Hatoum também aproveitou a entrevista ao Globo para reforçar sua crença no papel do intelectual como voz ativa da sociedade. Inspirado em nomes como o palestino Edward Said, defende que o escritor não se cale diante das injustiças, seja no campo político, social ou humanitário.

“Um intelectual, de qualquer profissão ou mesmo sem profissão, deve ser um humanista que não se deixa calar por ideologias, partidos ou religiões, e usa sua voz em defesa da justiça social e da liberdade”, afirmou.

A trajetória de Hatoum sempre foi marcada por coragem e integridade. Preso duas vezes durante a ditadura, ele partiu ainda adolescente de Manaus para Brasília, em busca de liberdade intelectual. Desse confronto entre a província e o mundo nasceu o olhar que molda sua escrita: um olhar amazônico, mas universal.

Posse na ABL

Com “Dança de Enganos”, Hatoum encerra uma das trilogias mais ambiciosas da literatura brasileira recente, abordando com sutileza e vigor temas como memória, poder e arte.

Para ele, a ficção é um território de liberdade, um espaço onde a imaginação resgata o passado sem transformá-lo em dogma.

Além de concluir a trilogia, Hatoum prepara-se para assumir, em 2026, uma das cadeiras da Academia Brasileira de Letras (ABL). A posse, prevista para o primeiro semestre, será um momento histórico para o Amazonas e para a literatura nacional.

“O fardão me assombra”, brincou o autor, com o humor discreto que marca suas entrevistas.

Manaus sempre no foco

Mesmo com o reconhecimento internacional, Hatoum mantém a humildade dos grandes.

“Não me interessa publicar muitos livros.
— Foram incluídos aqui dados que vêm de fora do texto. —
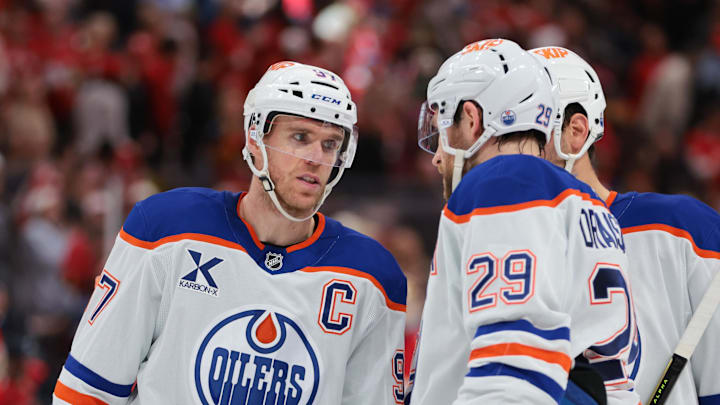 Nov 22, 2025; Sunrise, Florida, USA; Edmonton Oilers center Connor McDavid (97) speaks to center Leon Draisaitl (29) against the Florida Panthers during the second period at Amerant Bank Arena. Mandatory Credit: Sam Navarro-Imagn Images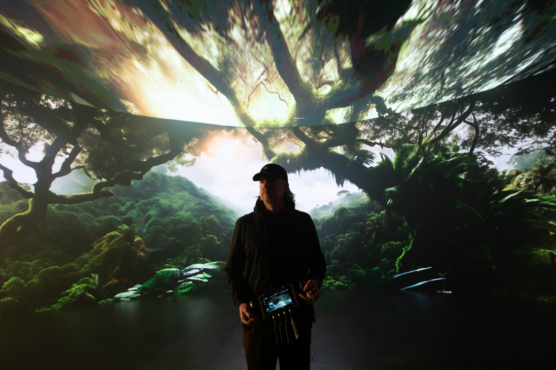 Man holding video production equipment with lush background of green trees and hillsides, water, and sky.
Já estou quase chegando ao limite”, confessou. Ainda assim, ele adianta que trabalha em um novo romance — protagonizado por Évelyne, personagem que surgiu na trilogia —, além de planejar um volume de memórias ambientado em Manaus.

Para o leitor amazonense, cada nova obra de Milton Hatoum é também um reencontro com a cidade que o formou, uma Manaus que pulsa nas entrelinhas, viva em cada lembrança, em cada sombra, em cada voz que o autor restitui ao tempo.

E se há algo que Hatoum nos ensina, é que o passado não passa: ele precisa apenas de tempo — e de grandes escritores — para ser reinventado.

Juscelino Taketomi.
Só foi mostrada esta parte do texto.